U.S. Patent Documents

• U.S. Pat. No. 4,211,980 A July 1980 Stowell
• U.S. Pat. No. 4,359,836 A November 1982 Yuji
• U.S. Pat. No. 4,593,648 A June 1986 Marzluf
• U.S. Pat. No. 4,667,431 A May 1987 Mendicino
• U.S. Pat. No. 4,750,451 A June 1988 Smith
• U.S. Pat. No. 4,825,810 A May 1989 Sharber
• U.S. Pat. No. 5,214,873 A June 1993 Sharber
• U.S. Pat. No. 5,327,854 A July 1994 Smith et al.
• U.S. Pat. No. 5,341,764 A August 1994 Sharber
• U.S. Pat. No. 5,566,643 A October 1996 Charter et al.
• U.S. Pat. No. 6,837,182 B2 January 2005 Leblanc

OTHER PUBLICATIONS

Neiman, A. B. et al. “Stochastic synchronization of electroreceptors in the paddlefish” The Shark Natal Board Shark-POD Diver Unit.

Jin Lu and M. Fishman, 1995. Ion Channels and Transporters in the Electroreceptive Ampullary Epithelium from Skates. Biophysical Journal; Vol. 69.

R. C. Peters and H. P. Evers, 1985. Frequency Selectivity in the Ampullary System of an Elasmobranch Fish. Laboratory of Comparative Physiology.

J. C. Montgomery, 1984. Noise cancellation in the electrosensory system of the thornback ray; common mode rejection of the input produced by the animals' own ventilatory movement. F. comp. Physiol. 155A, 103-111.

R. W. Murray, 1965. Electroreceptor mechanisms: the relation of impulse frequency to stimulus strength and responses to pulsed stimuli in the ampulla of Lorenzini of elasmobranches. J. Physiol. (Lond.) 180:592-606.

Claims

1. An apparatus for inducing behavior in elasmobranch fish in an aquaculture environment, said apparatus comprising:

a) a power supply;

b) an electrical circuit receiving power from the power supply and converting the power into a series of positive polarity pulses and negative polarity pulses where each positive polarity pulse is followed by no pulse and then one of said negative polarity pulses and each negative polarity pulse is followed by no pulse and then one of said positive polarity pulses, said positive and negative pulses having a selected voltage, current and frequency wherein the selected frequency is between about 0.1 Hz and about 40 Hz;

c) a multipole electric antenna receiving the pulses from the electrical circuit and generating an electric current of alternating polarity pulses in the aquaculture environment wherein said electric current in the aquaculture environment generates an electromagnetic field; and

wherein the selected voltage, current and frequency induce a selected behavior in elasmobranch fish in said aquaculture environment.

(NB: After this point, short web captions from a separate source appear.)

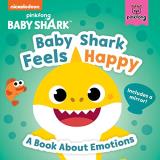 Pinkfong Baby Shark Baby Shark Feels Happy A Book About Emotions Wit 
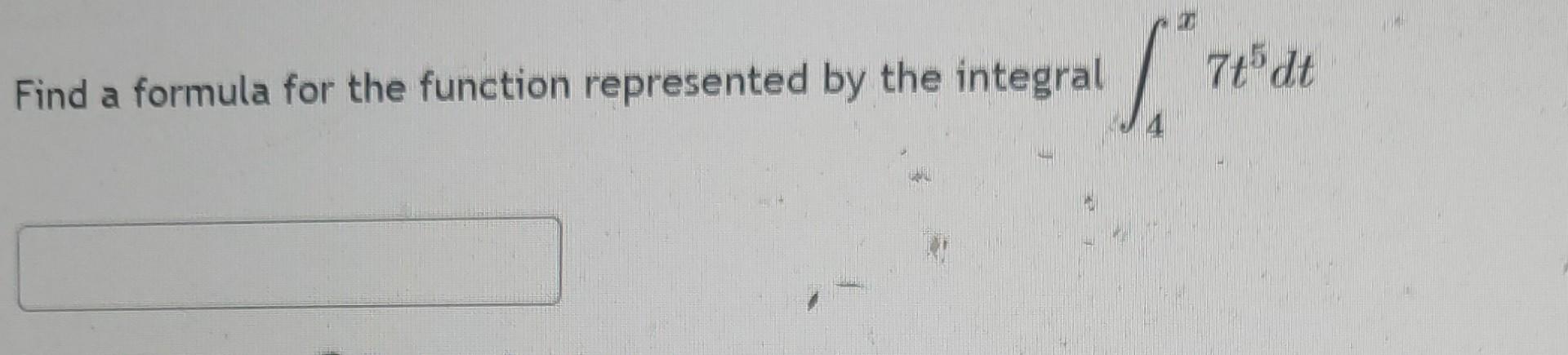 Find A Formula For The Function Represented By The Integral 7t5 Dt 1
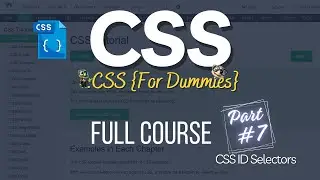 CSS Full Course 07 - How to use CSS ID Selector | CSS 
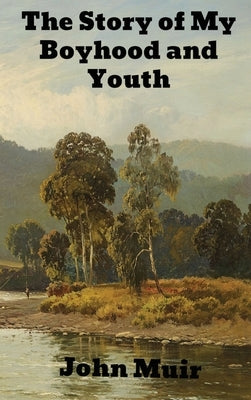 The Story of My Boyhood and Youth by Muir, John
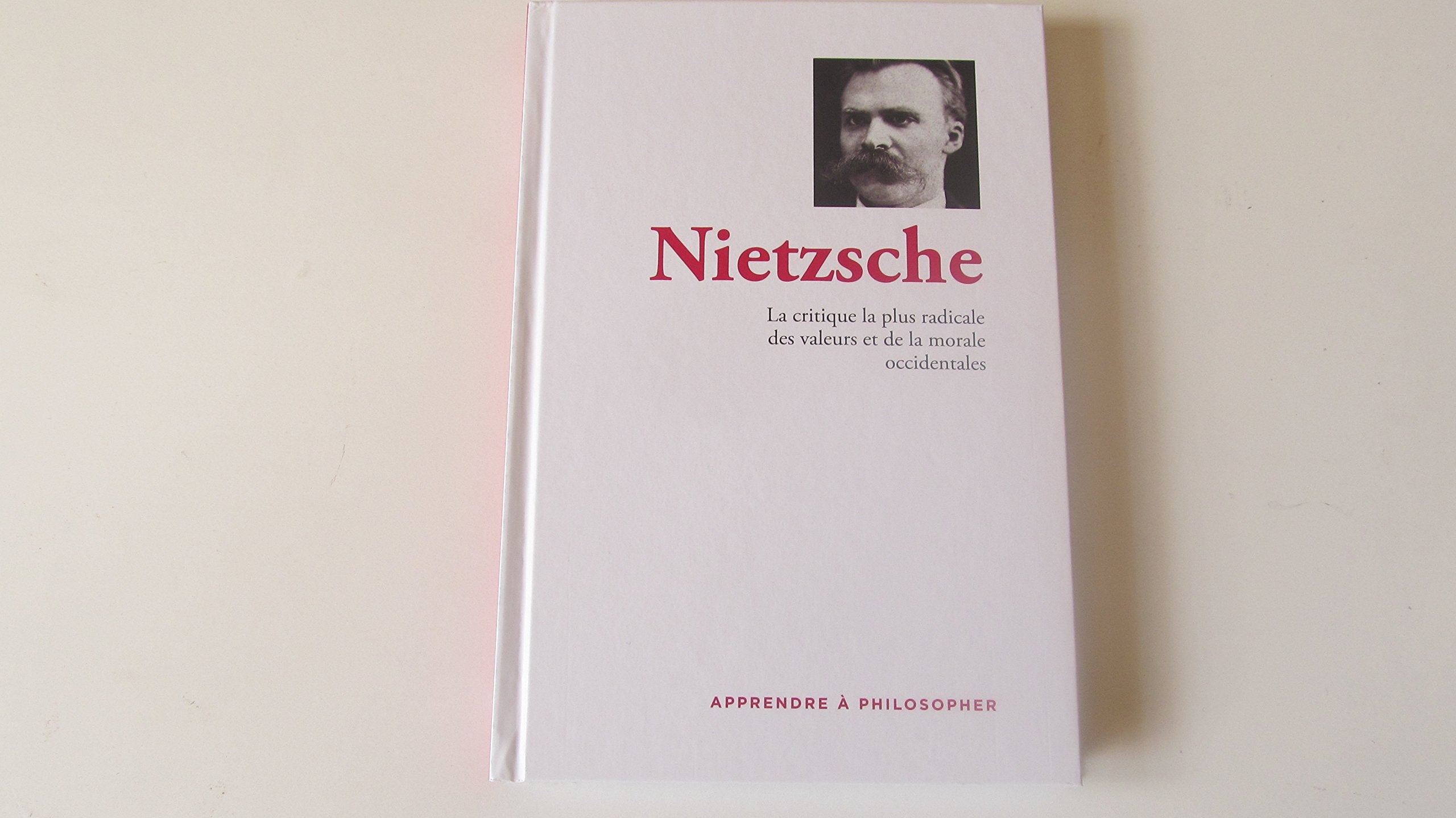 Apprendre à philosopher - Volume 2- Nietzsche: La critique la plus radicale des valeurs et de la morale occidentales 9782823703399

2. An apparatus of claim 1, wherein the antenna an electric dipole antenna.

3. An apparatus according to claim 1, wherein the selected behavior is repulsion.

4. An apparatus according to claim 1, further comprising at least one control means, disposed between the power source and the antenna, capable of controlling the flow of power between the power source and the antenna.

5. An apparatus according to claim 4, further comprising a sensing means capable of detecting selected thresholds of power flow within the apparatus and providing a signal to the control means to interrupt the flow of power within the apparatus if said thresholds are reached.

6. An apparatus according to claim 1, wherein the elasmobranch fish is selected from the group consisting of sharks, rays and skates.

7. An apparatus according to claim 1, wherein at least the antenna is installed in or on aquatic life capturing means selected from the group consisting of a fishing line, a fish net, a lobster trap, a crab trap.